Work instructions »
Your copy should contain exactly the lines from the start of the material through the line containing "Marineblaue, ärmellose Strickjacke", and no pictures.
━━━━━ Given records
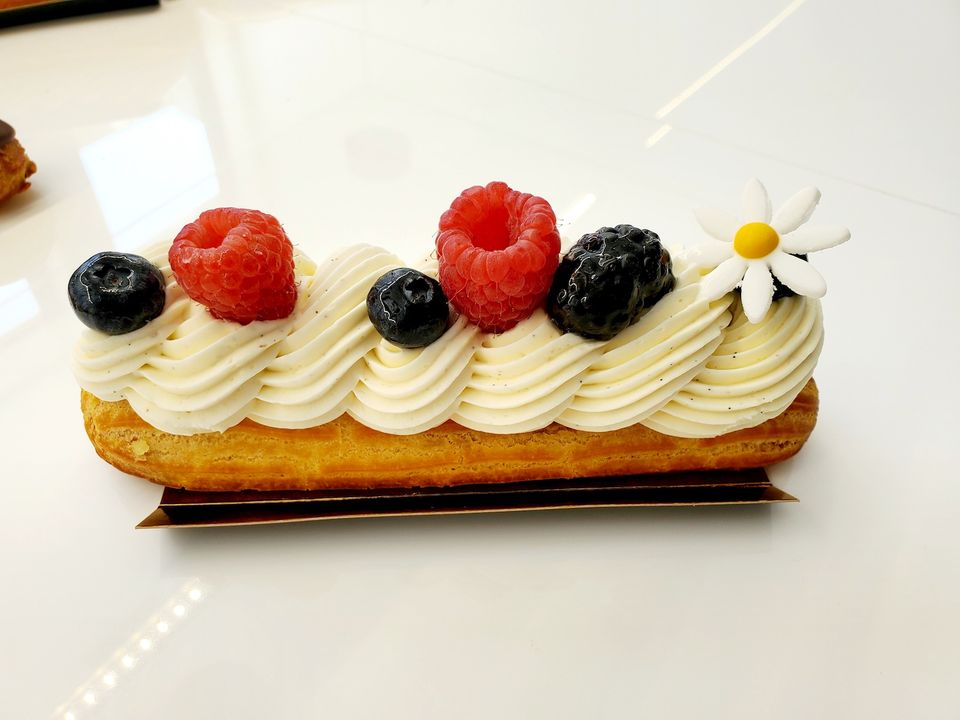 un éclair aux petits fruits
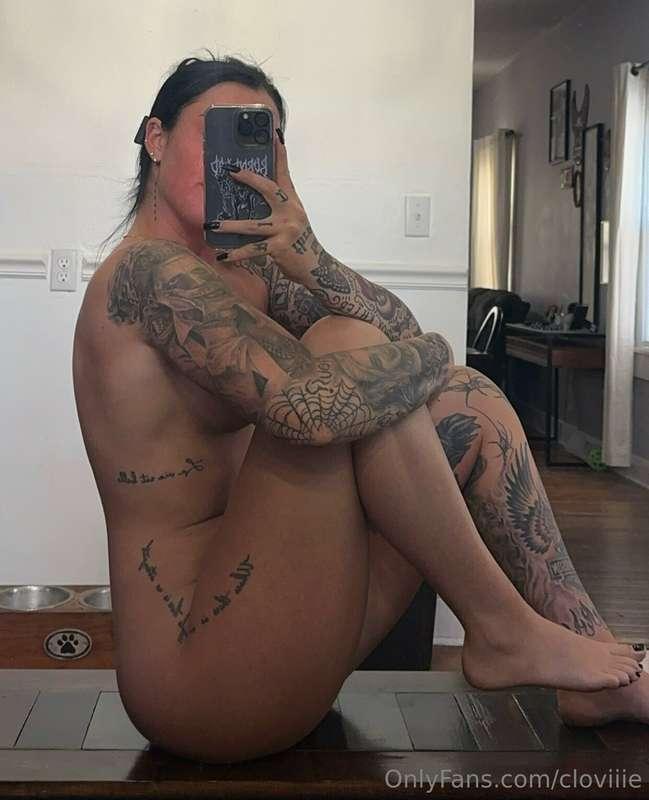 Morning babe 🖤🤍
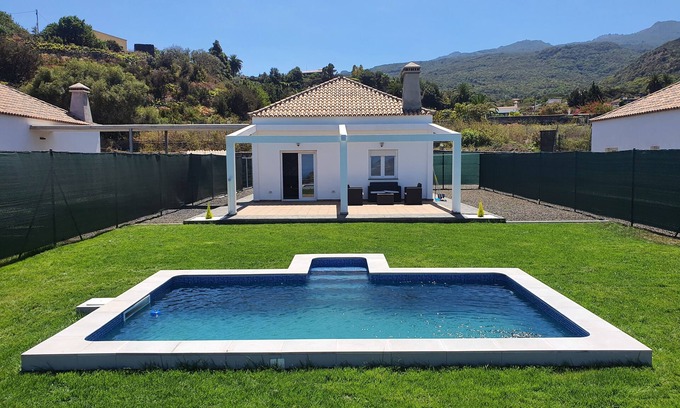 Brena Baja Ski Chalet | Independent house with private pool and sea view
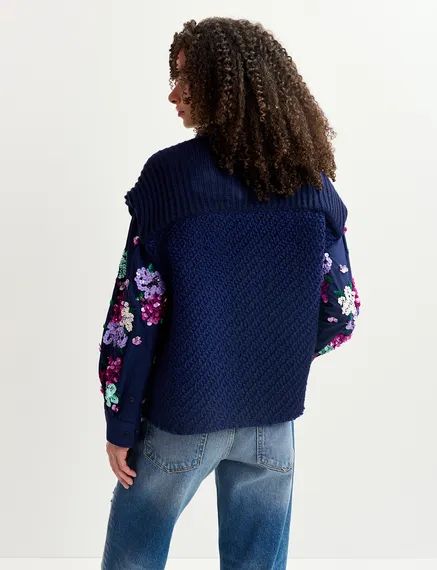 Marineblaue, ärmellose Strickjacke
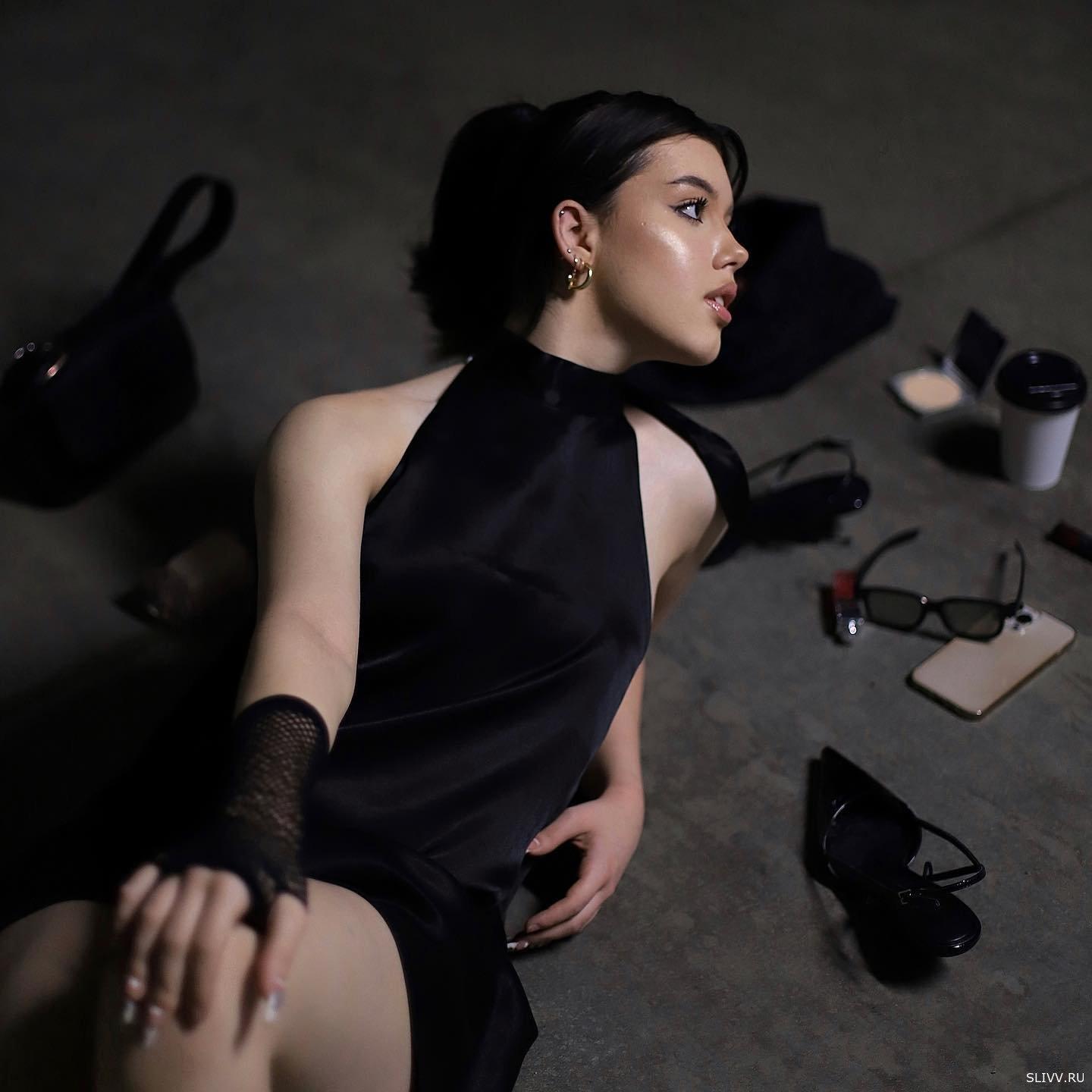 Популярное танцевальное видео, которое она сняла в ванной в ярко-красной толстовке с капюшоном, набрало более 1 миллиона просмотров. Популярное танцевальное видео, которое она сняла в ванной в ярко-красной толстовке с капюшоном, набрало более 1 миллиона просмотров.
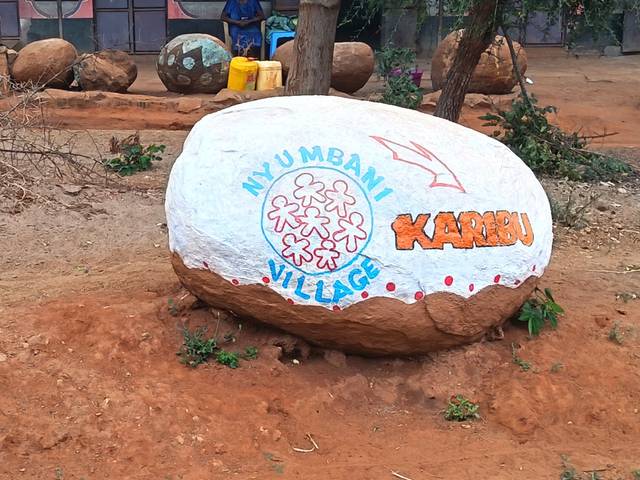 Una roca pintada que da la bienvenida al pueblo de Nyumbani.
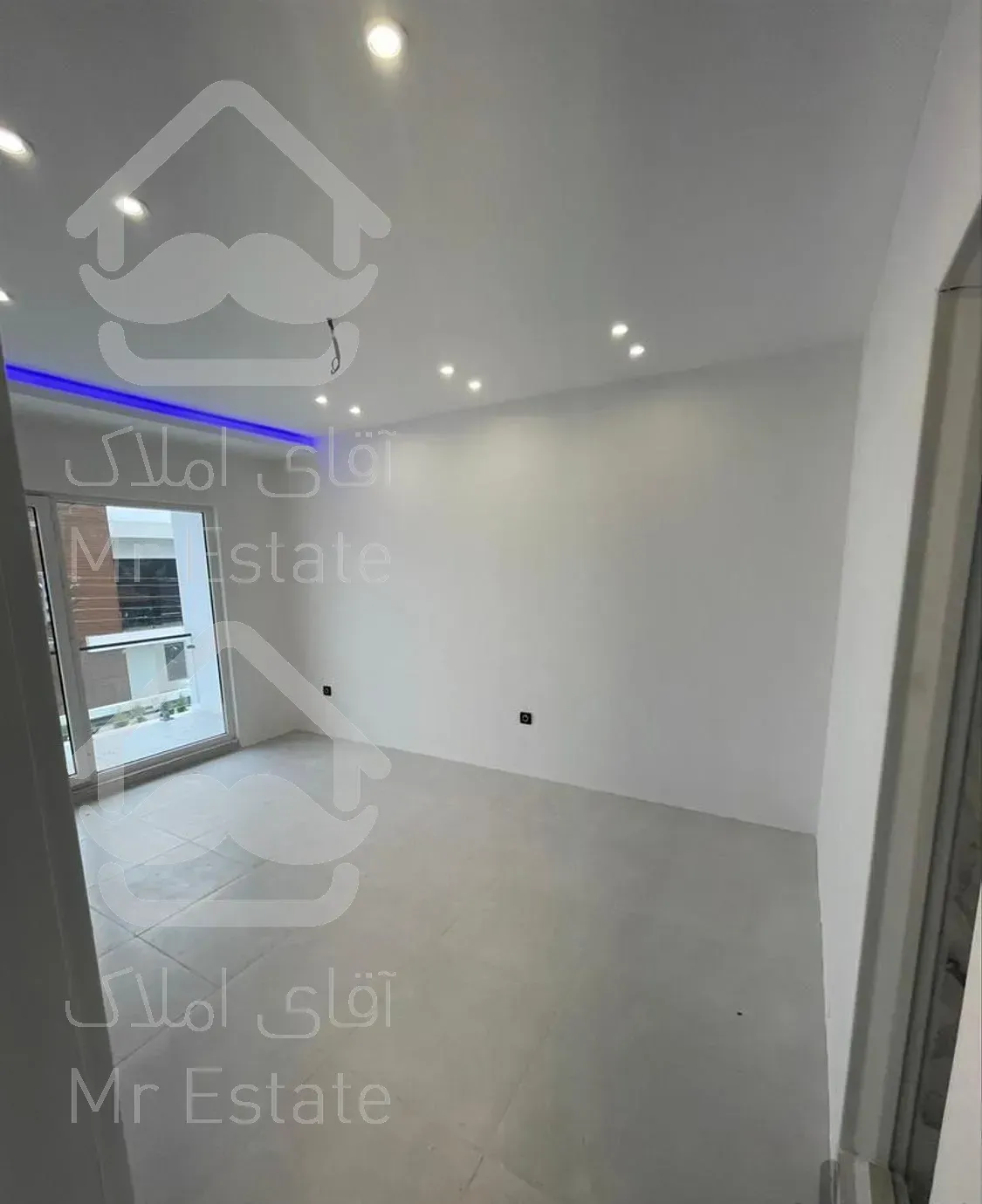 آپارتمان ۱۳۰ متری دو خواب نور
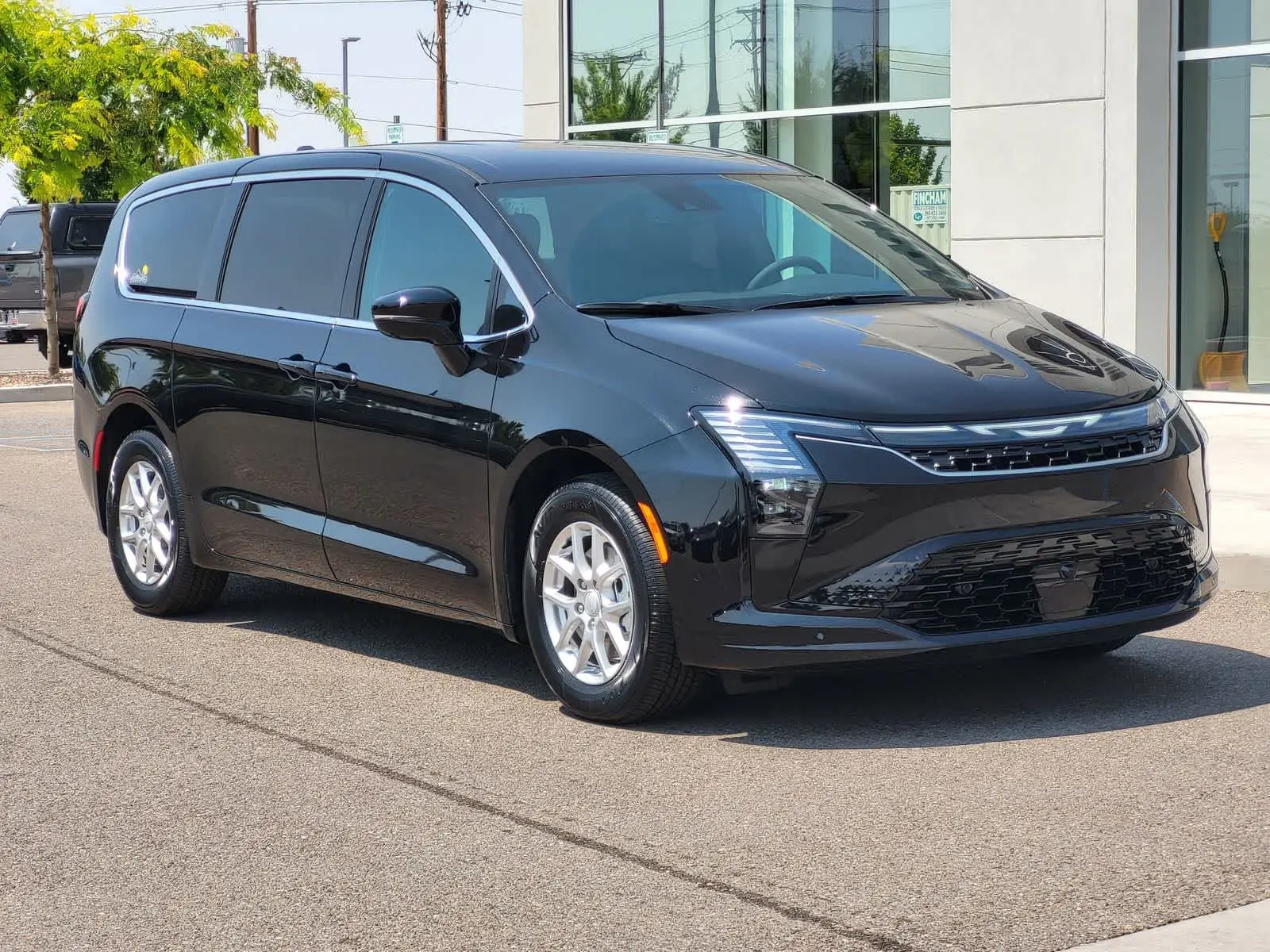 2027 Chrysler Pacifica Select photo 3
━━━━━━━━━━
Your response »
 un éclair aux petits fruits
 Morning babe 🖤🤍
 Brena Baja Ski Chalet | Independent house with private pool and sea view
 Marineblaue, ärmellose Strickjacke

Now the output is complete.